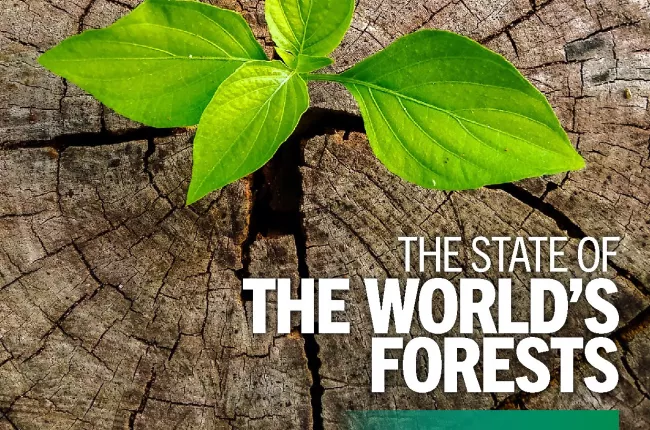 state of worlds forests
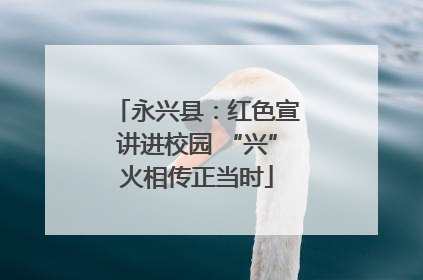 永兴县：红色宣讲进校园 “兴”火相传正当时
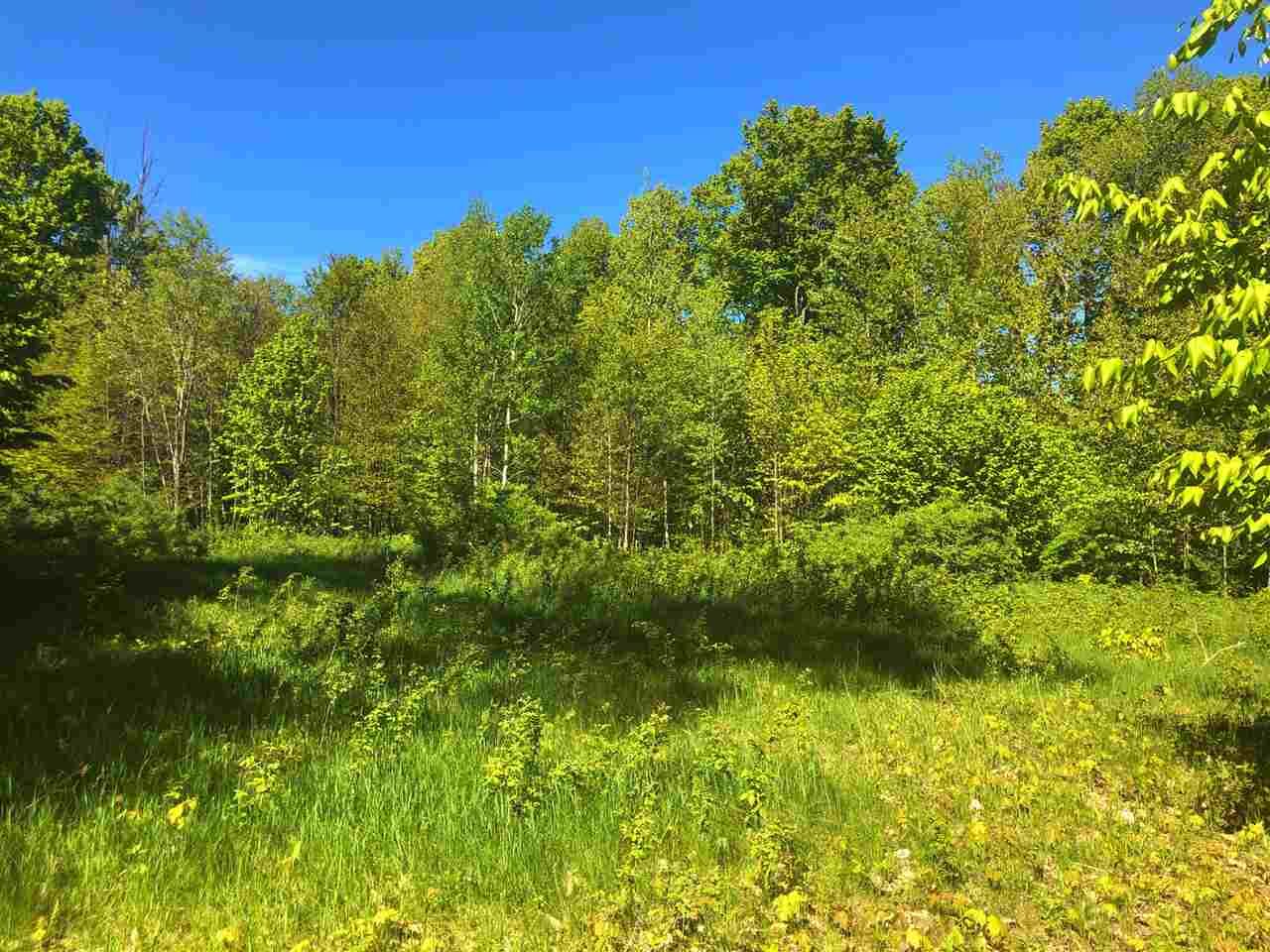 Property Photo:  701 Greenway  MI 49740 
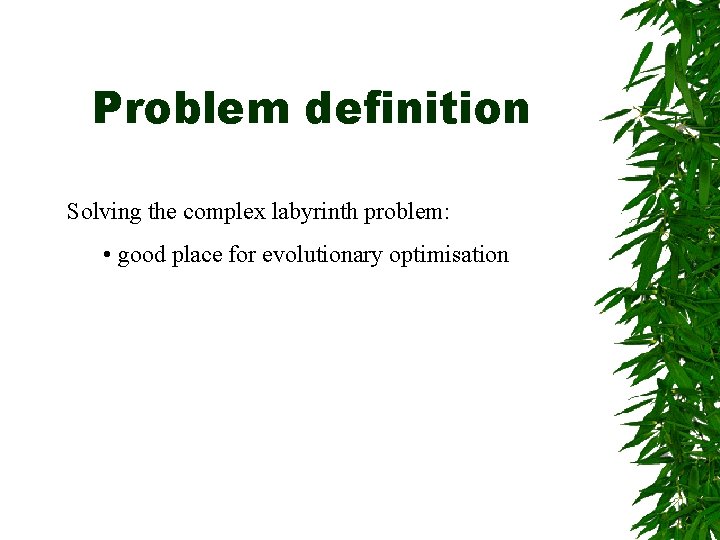 Problem definition Solving the complex labyrinth problem: • good place for evolutionary optimisation 
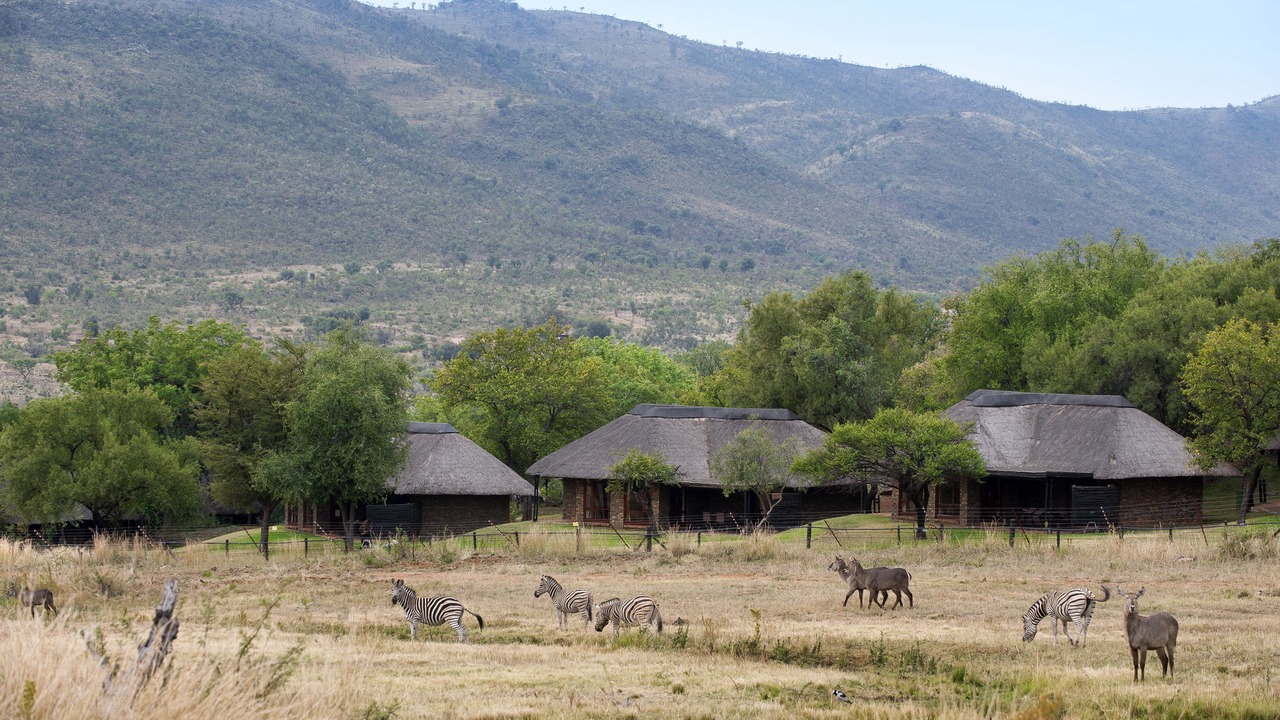 Photo of Outdoor in Ledig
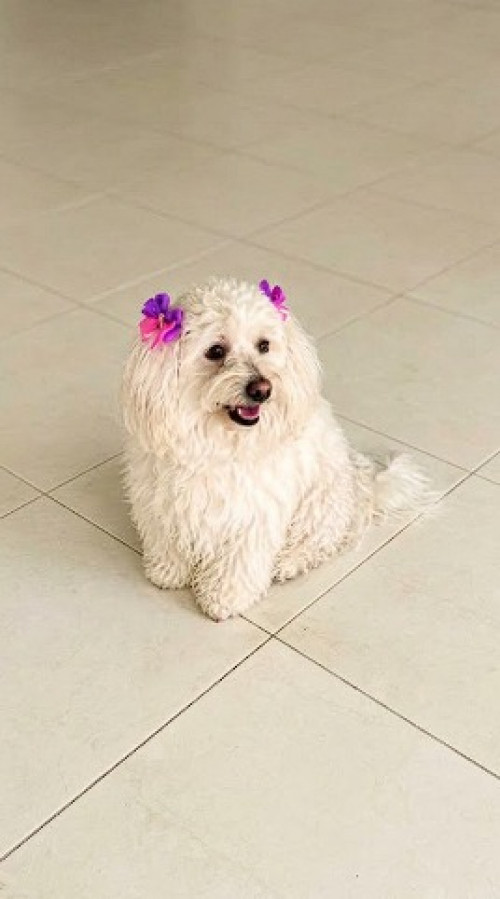 Kiara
========================
**EXERCISE**
Leaving aside the pictures, copy the listing above exactly.

**COMPLETED TASK**
 state of worlds forests
 永兴县：红色宣讲进校园 “兴”火相传正当时
 Property Photo:  701 Greenway  MI 49740 
 Problem definition Solving the complex labyrinth problem: • good place for evolutionary optimisation 
 Photo of Outdoor in Ledig
 Kiara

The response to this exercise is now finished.